───── Dataset content ─────

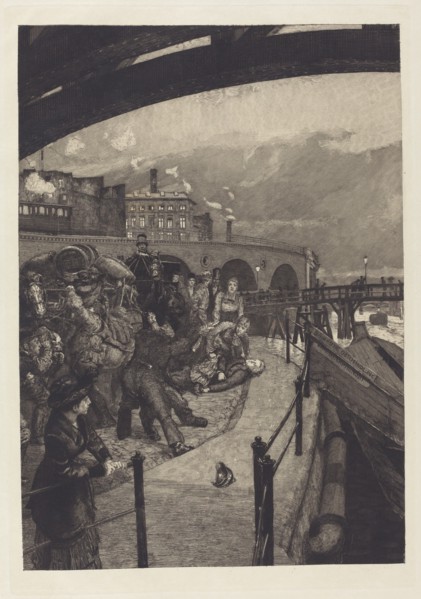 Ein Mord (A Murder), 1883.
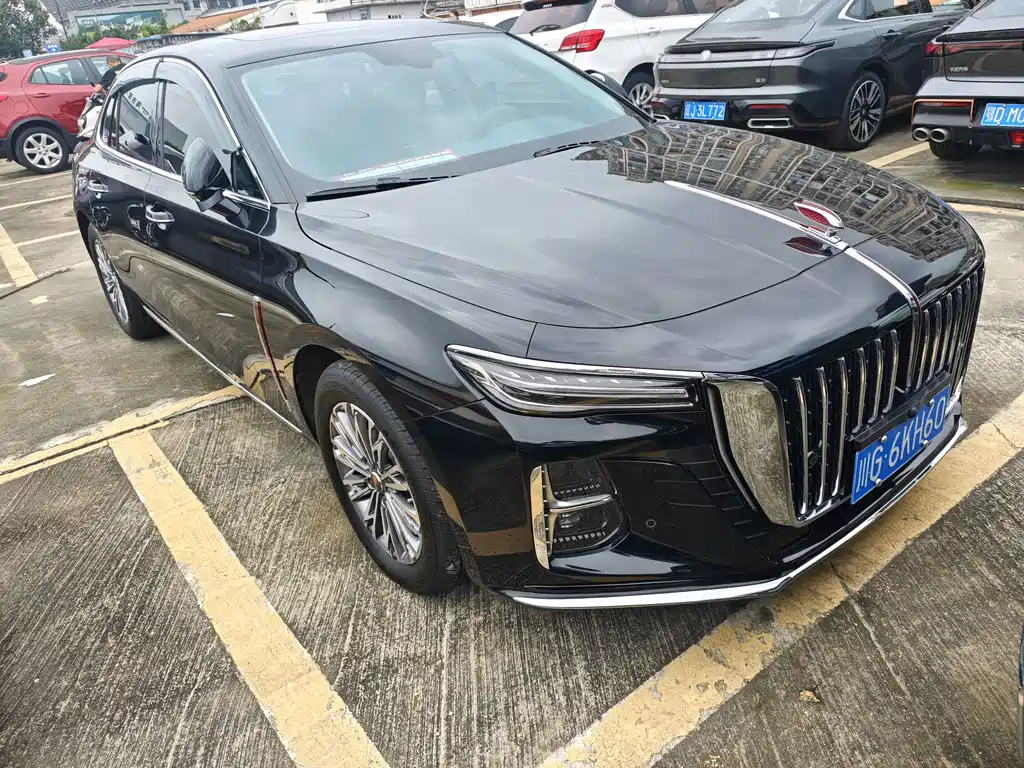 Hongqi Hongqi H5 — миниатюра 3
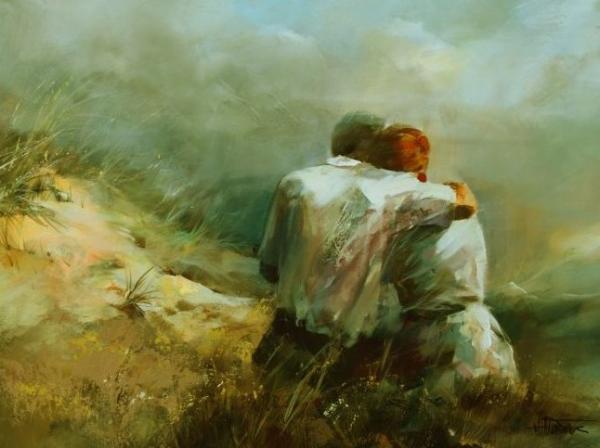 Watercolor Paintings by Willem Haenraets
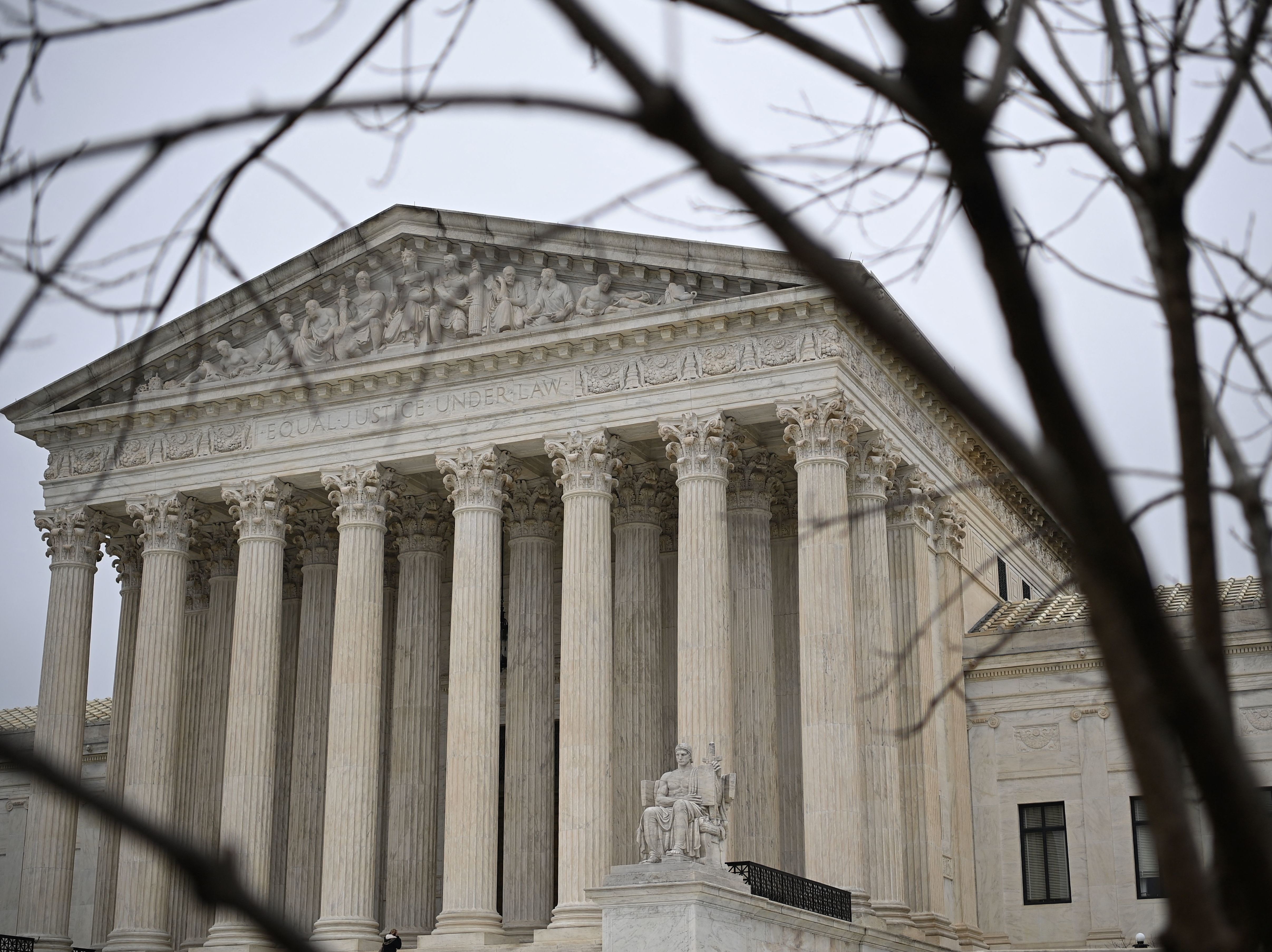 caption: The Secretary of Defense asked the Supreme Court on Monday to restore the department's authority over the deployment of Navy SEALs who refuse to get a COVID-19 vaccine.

─────

_Exercise brief_
For the material above, give every line again exactly and leave out the pictures.

_Response_
 Ein Mord (A Murder), 1883.
 Hongqi Hongqi H5 — миниатюра 3
 Watercolor Paintings by Willem Haenraets
 caption: The Secretary of Defense asked the Supreme Court on Monday to restore the department's authority over the deployment of Navy SEALs who refuse to get a COVID-19 vaccine.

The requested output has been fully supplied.